Nearly three years ago, we had discussed SEBI’s initial order relating to trading of shares in Bank of Rajasthan (BoR). Last week, the adjudicating officer of SEBI has passed an order imposing a heft penalty on 118 entities that traded in shares of for violation of the provisions of the SEBI Takeover Regulations and the SEBI Regulations on Fraudulent and Unfair Trade Practices.
The facts of the case are detailed in the previous post, but they are again summarized in the SEBI adjudicating officer’s order:
… though as per disclosure their holding seemed to have reduced, investigation observed that in reality the holding of the promoters actually increased with the active collusion of front entities who were alleged to be the persons acting in concert (PACs). Thus, it was observed that the shareholding of the promoters of BoR alongwith entities who were alleged to be PACs had increased from 46.80% in June 2007 to 63.15% in December 2009. … It was alleged that while the Promoter Group conveyed the impression that they were reducing their shareholding, they did not dilute their controlling stake in BoR. On the contrary they had actually increased their holding in a deceptive manner with the active collusion of their PACs, that is, the Tayal Group, the Silvassa Group and the Yadav Group.

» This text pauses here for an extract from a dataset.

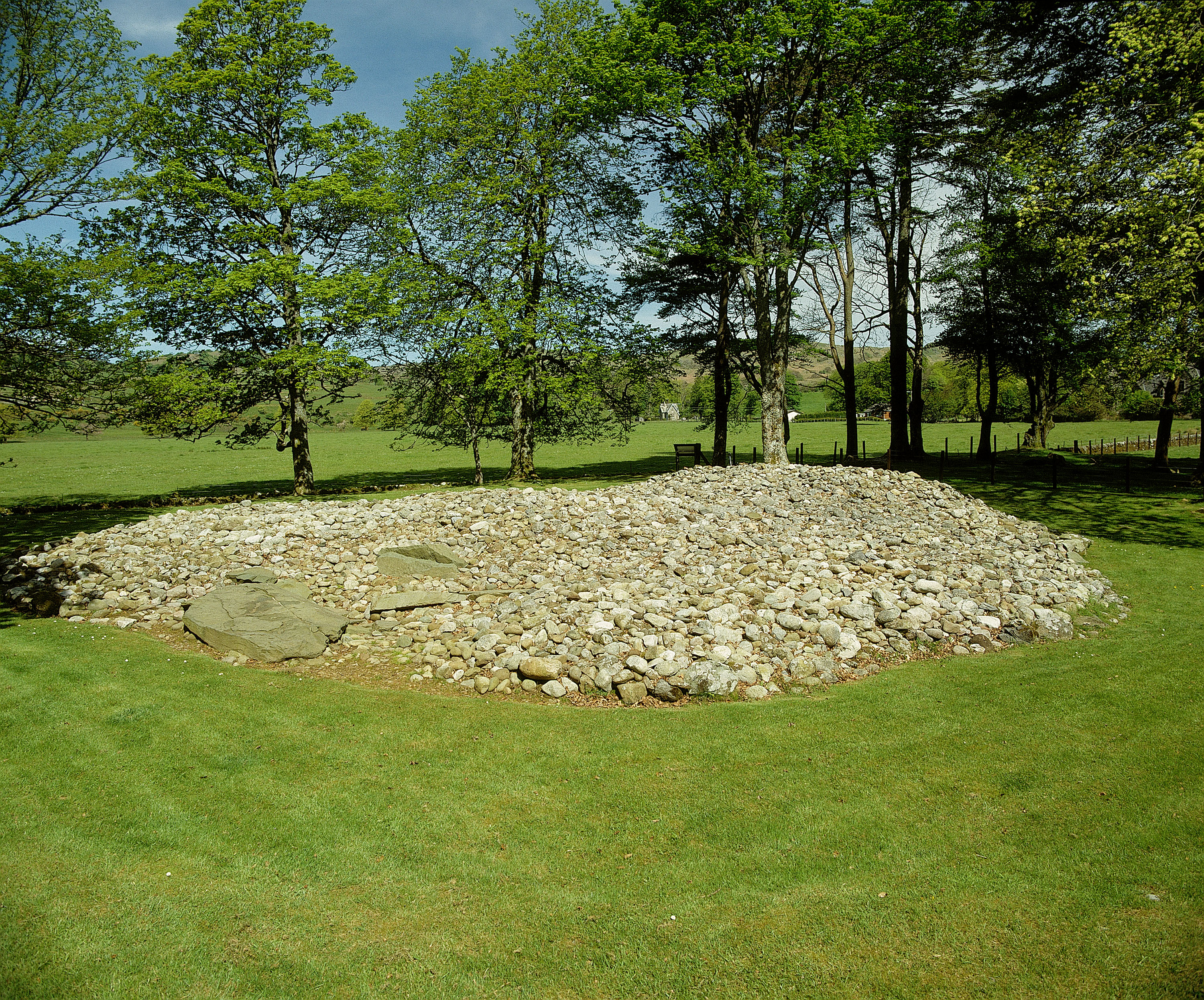 A low, circular cairn made of hundreds of loose stones sits in the middle of a grassy clearing surrounded by tall trees. The stones form an uneven mound with a slightly raised central area. Sunlight filters through the leafy branches overhead, casting dappled shadows across the grass in the foreground. The tree line encloses the site on all sides, giving the scene a sheltered, woodland setting.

One of the key questions was whether the several entities that engaged in the sale and purchase of shares of BoR were interconnected and hence persons acting in concert for purpose of the Takeover Regulations. The test applied by the adjudicating officer after analyzing the various relationships between the entities and the trades among them is as follows:
In view of the above, I find that connections/ relations have been established on the basis of common directors, common addresses, fund transfers, off market transfer of shares, and the submission of the Noticees is devoid of merit. Accordingly, I hold that the Promoter, Tayal, Yadav and Silvassa group were PACs.